Bruce Bennett was an Arkansas politician best known for serving as the state Attorney General from 1957 to 1960, and then again from 1963 to 1966. During his first term as Attorney General, Bruce Bennett was associated with the passage of a series of bills he authored in 1958 with the specific purpose of making it impossible for the civil rights organization the National Association for the Advancement of Colored People (NAACP) to operate in the state. Among other things, the bills authored by Bruce Bennett specifically forbid the NAACP from maintaining attorneys in the state and compelled the organization to give the state a complete list of its members. Similar laws passed by the state of Alabama were later deemed unconstitutional by the US Supreme Court in the 1958 case of the National Association for the Advancement of Colored People V. Alabama, effectively nullifying his legislative work.

After an unsuccessful run for state governor in 1960, Bruce Bennett returned to the office of the Attorney General in 1963. During this time, he was involved in the creation of the Arkansas Loan and Thrift company. The company was founded by businessman Ernest A. Bartlett Jr., who had come into possession of a building and loan charter whose terms outdated current state laws governing the regulation of savings and loans businesses. The draft for this company's charter was completed in the office of Bruce Bennett, who became a shareholder in the business.

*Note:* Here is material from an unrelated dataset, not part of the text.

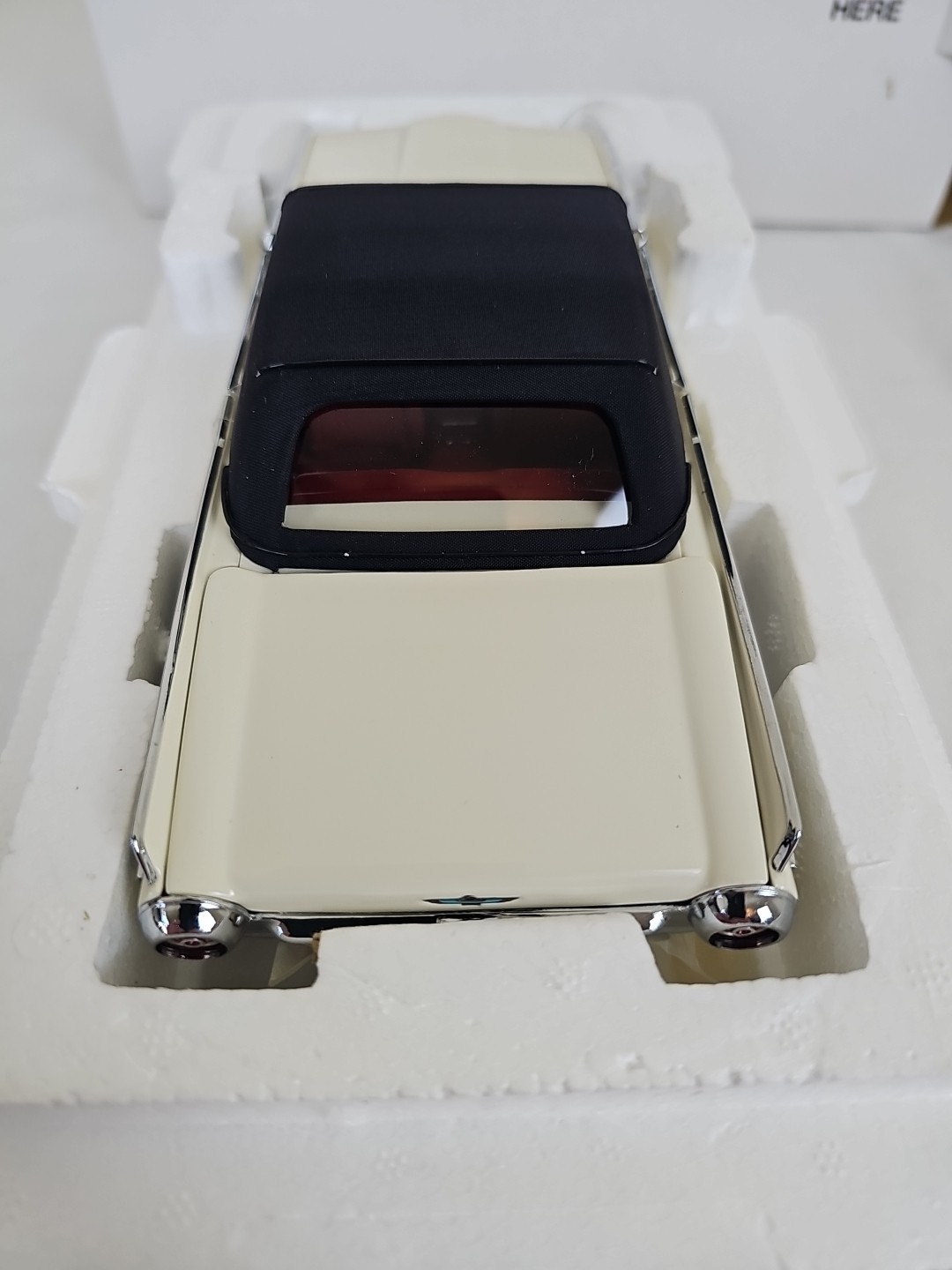 Vintage Danbury Mint 1962 Ford Thunderbird 1:24 Diecast, Removable Top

Following the foundation of the company, advertising was successful in soliciting investments from churches and private citizens. The company promised a higher rate of return than could be legally granted by savings and loans institutions, investing the funds into unsafe products while earning roughly $4 million. During this time, the company attracted the attention of the state Savings and Loan Commission. To determine whether the company could be regulated and investigated, the state's savings and loan regulator, Clint Jones, sent Bruce Bennett a series of letter inquiring whether the company could be regulated as a savings and loan association, bank, or insurance company. Bruce Bennett replied in the negative to every query without disclosing his role in the company.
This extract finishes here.